(Image-caption web data)

-=-=-

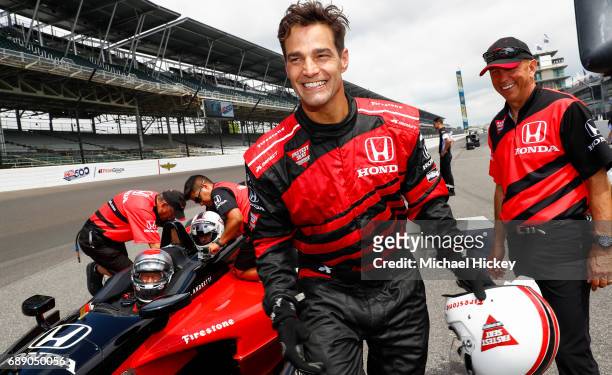 Good Morning America correspondent Rob Marciano reacts after his IndyCar two seater lap at Indianapolis Motor Speedway on May 27, 2017 in...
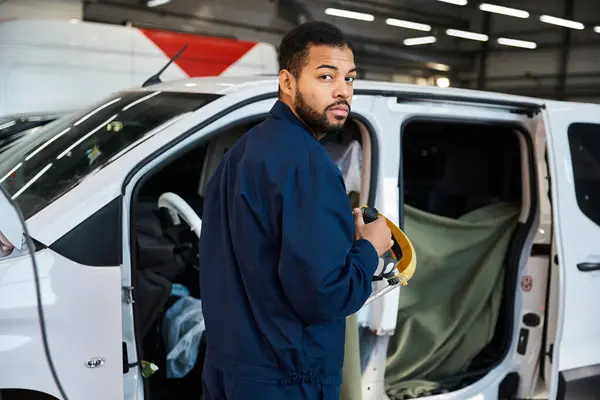 Young mechanic focuses on his task while surrounded by tools and vehicles in the garage — Stock Photo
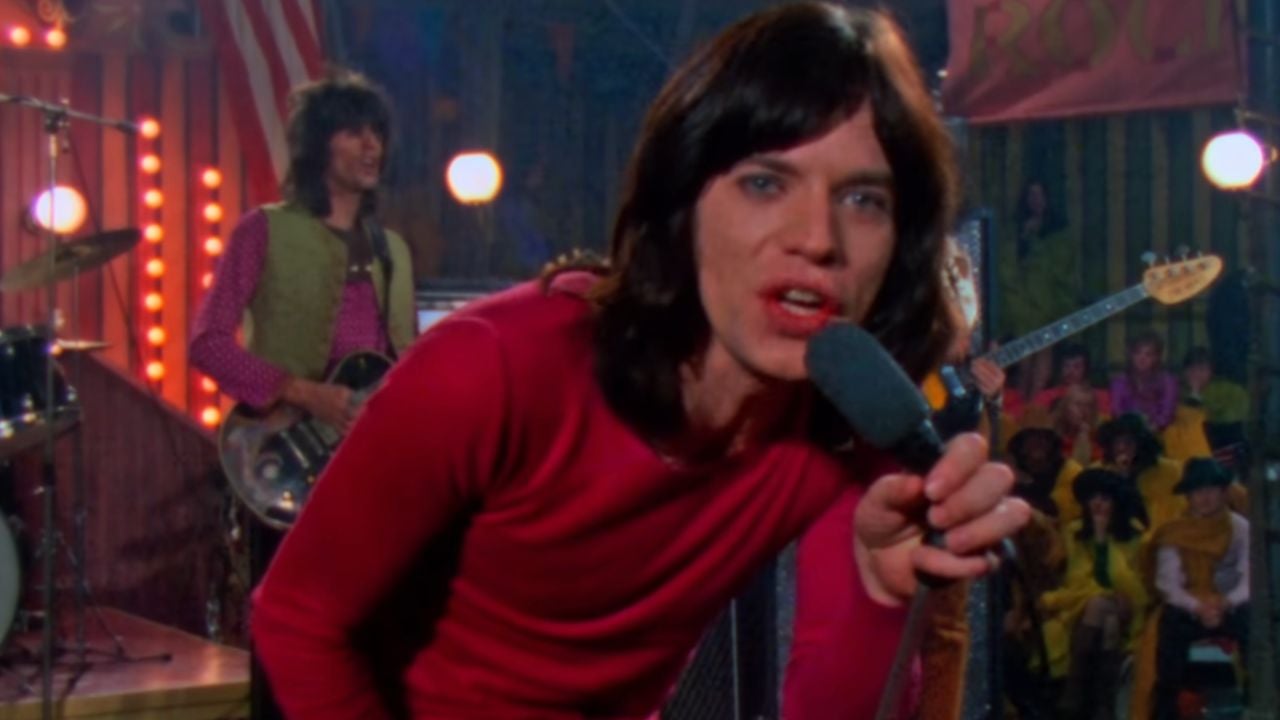 A man with shoulder-length dark hair in a red shirt sings into a microphone on stage, with a band and audience in the background.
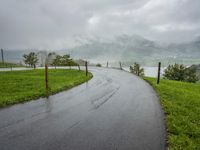 a road with a fence in a rainy day, with grass and mountains in the distance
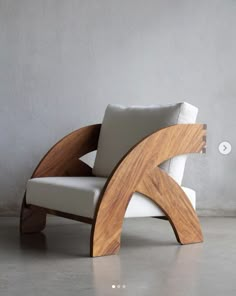 a modern chair made out of wood and white upholstered fabric, in front of a gray wall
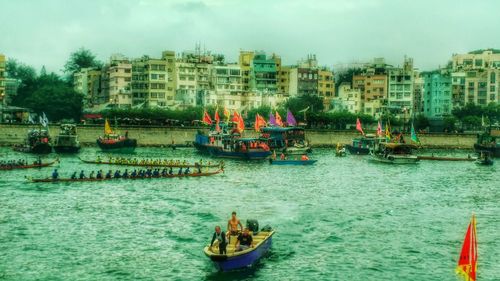 Boats in river with city in background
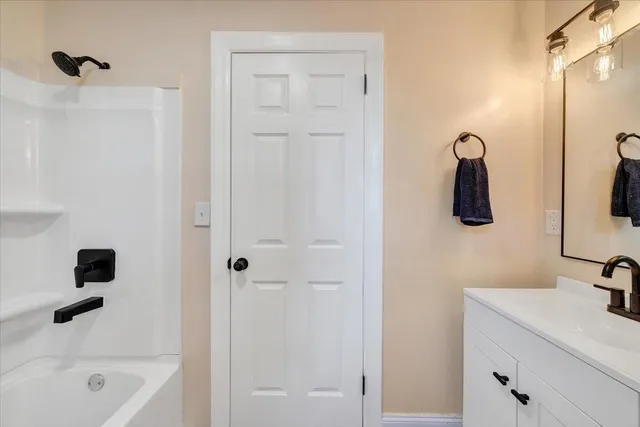 a bathroom with a tub sink and mirror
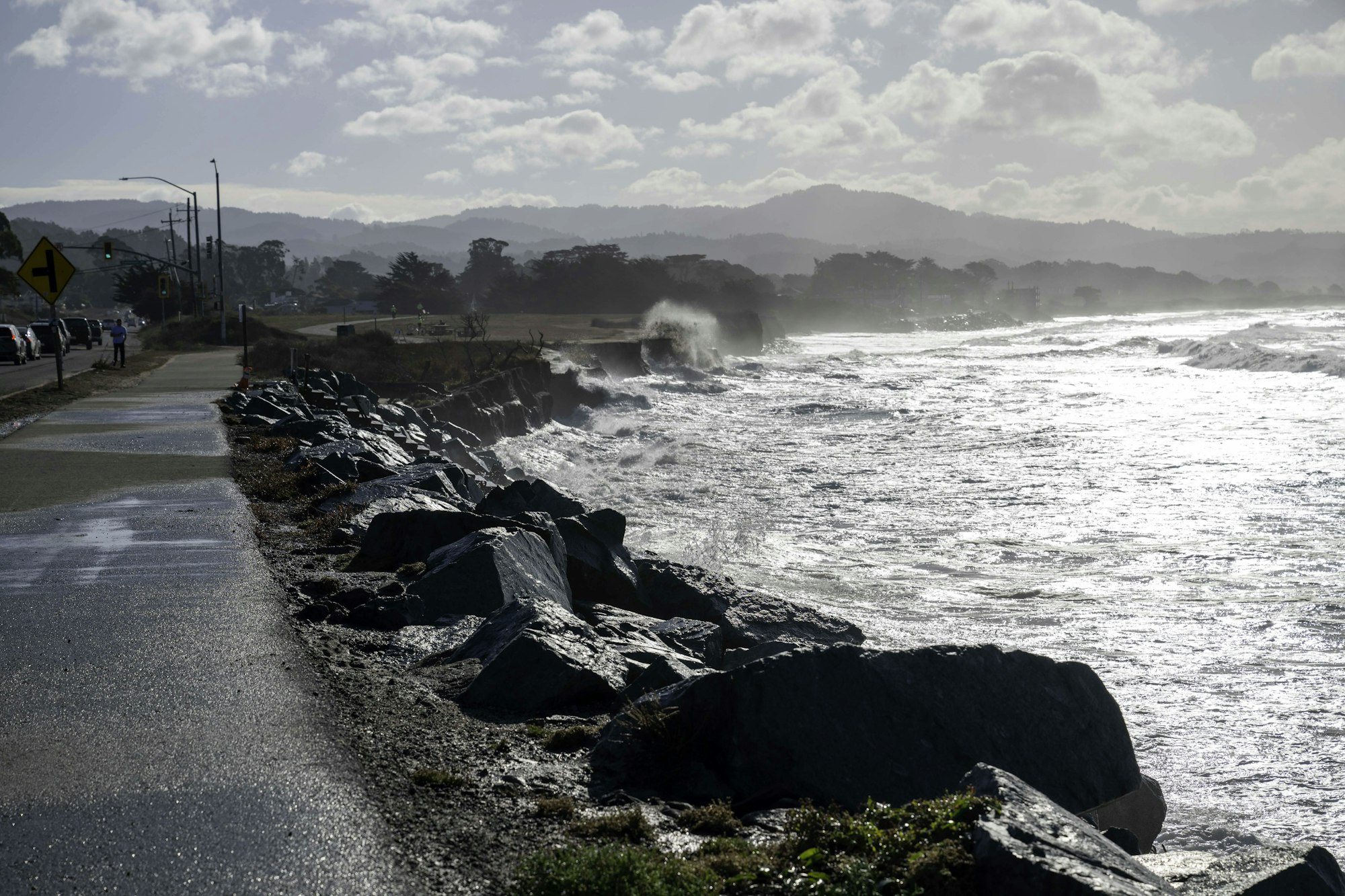 The image features a rocky shoreline with waves crashing against it, a path beside the ocean, and mountains in the background.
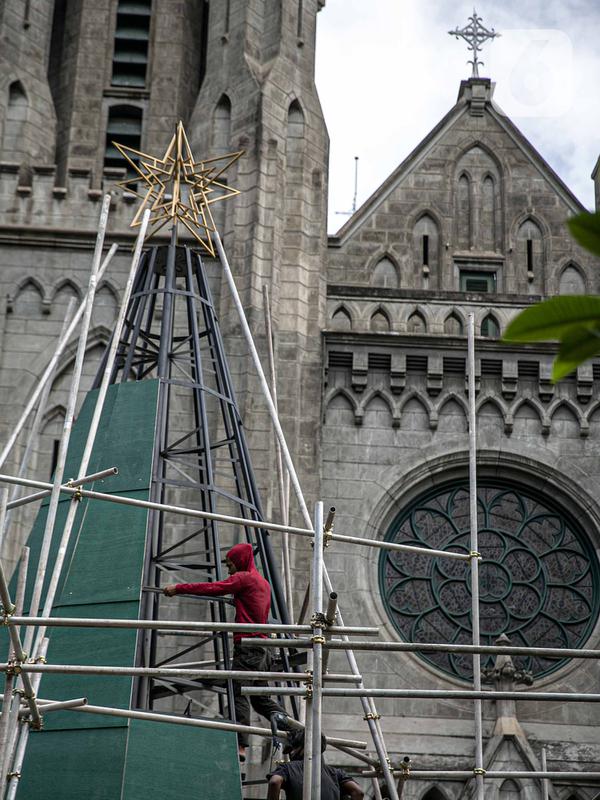 Pekerja menyelesaikan pembuatan pohon Natal di Gereja Katedral, Jakarta pada Rabu (16/12/2020). Gereja Katedral Jakarta membuat pohon natal dengan tinggi lebih dari 10 meter dalam rangka menyambut perayaan Natal. (Liputan6.com/Faizal Fanani)
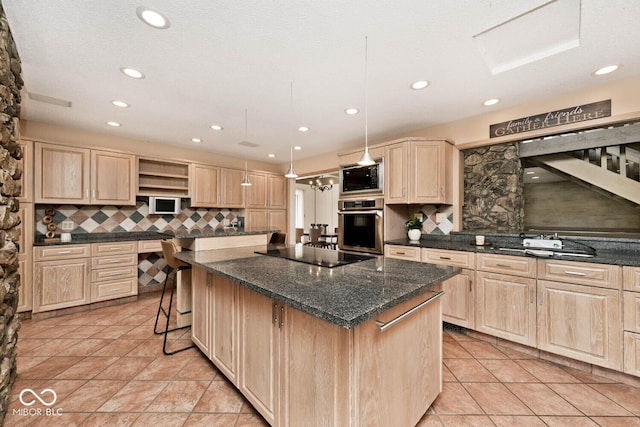 kitchen featuring stainless steel oven, built in microwave, black electric stovetop, and light brown cabinetry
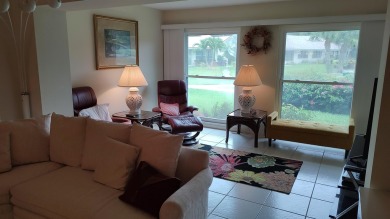 Make this 2Br Villa with awesome Golf Course view and on Eagle Wood Golf Course in Florida - for sale on GolfHomes.com, golf home, golf lot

-=-=-

■ EXERCISE ■
From the first line of the entries above down to the line holding "a bathroom with a tub sink and mirror", quote each line exactly and nothing else, skipping pictures.

■ RESPONSE TO THE TASK ■
 Good Morning America correspondent Rob Marciano reacts after his IndyCar two seater lap at Indianapolis Motor Speedway on May 27, 2017 in...
 Young mechanic focuses on his task while surrounded by tools and vehicles in the garage — Stock Photo
 A man with shoulder-length dark hair in a red shirt sings into a microphone on stage, with a band and audience in the background.
 a road with a fence in a rainy day, with grass and mountains in the distance
 a modern chair made out of wood and white upholstered fabric, in front of a gray wall
 Boats in river with city in background
 a bathroom with a tub sink and mirror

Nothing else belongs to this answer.